Margaret “Marge” Tucker was a 20th-century Australian Aboriginal activist, organizer, and writer.
Born on the Moonahculla Reservein 1904, Tucker (at the age of 13) and her sister (who was 11) were forcibly separated from their mother and sent to Cootamundra Girls’ Home, where they were trained to be domestic workers for two years. She then went to work for little pay for white families, some of whom were abusive. These relocations came courtesy of the Aboriginal Protection Board, where “protection” in this case meant protecting Aboriginal people from themselves—separating families and dictating employment, residence, and education for Aboriginal people.
Once she was free from the regulations of the APB, Tucker moved to Melbourne where she met with indigenous rights activists like William Cooper, Bill Onus, and Douglas Nicholls. With them she co-founded the Australian Aborigines’ League (which would later become the Aborigines Advancement League) in 1932. She was also a great singer and directed the Aboriginal Women’s Choir!

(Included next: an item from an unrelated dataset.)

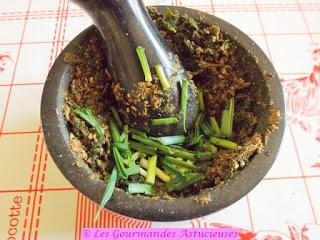 Pesto aux orties, asperges du jardin et fleurs de chou (Vegan)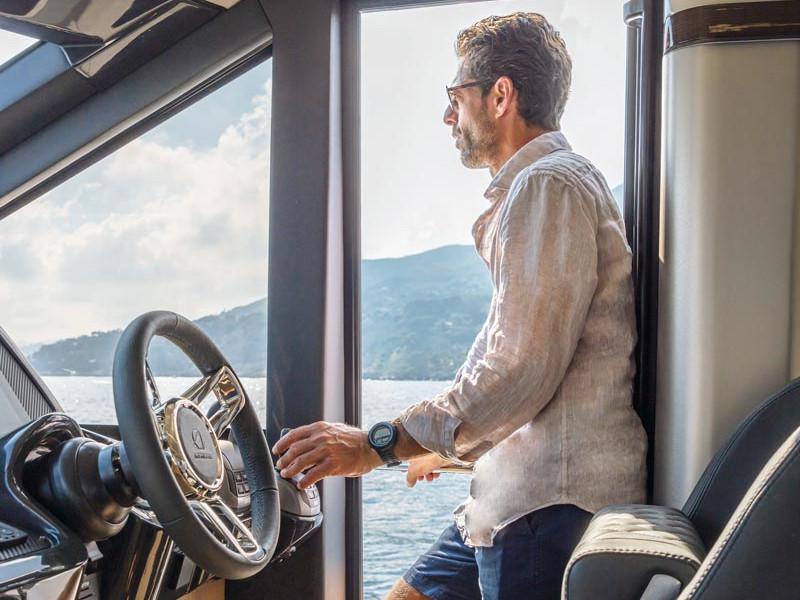 Book yachts online - motorboat - Absolute 47 Fly - Vardo - rent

Tucker was present at the first-ever Day of Mourning, which was held in 1938 on the same day as Australia Day to bring attention to 150 years of colonization, genocide, and racism experienced by Aboriginal people at the hands of the British. Aboriginal protesters and allies marched through the streets of Sydney and held a Congress where they presented a manifesto stating that, “This festival of 150 years’ so-called ‘progress’ in Australia commemorates also 150 years of misery and degradation imposed on the original native inhabitants by white invaders of this country.”
Image from the Koori History Website
Tucker’s 1977 autobiography If Everyone Cared was one of the first mainstream accounts of Australia’s “Stolen Generations,” Aboriginal children who were taken from their families in order to “assimilate” to white society, however there have been critiques about the editorial process of the book de-centering the Aboriginal experience.
One gateway of activism for Tucker was the Australian Communist Party. In the movie Lousy Little Sixpence, Tucker recalls that the Communist Party was “very interested in the down-trodden people. Well, I felt that my people were very down-trodden and I wasn’t backward in coming forward and saying what I felt.” Later Tucker would distance herself from her more radical past when she joined the somewhat spiritual and conservative group the Moral Re-Armament Society.
Besides being an influential writer who helped open the doors for other Aboriginal writers, Tucker also founded United Council of Aboriginal and Islander Women in 1964 and was the first indigenous appointee to the Victorian Aborigines Welfare Board.
Tucker died in 1996, but her legacy of activism and creativity lives on, in Australia and around the world.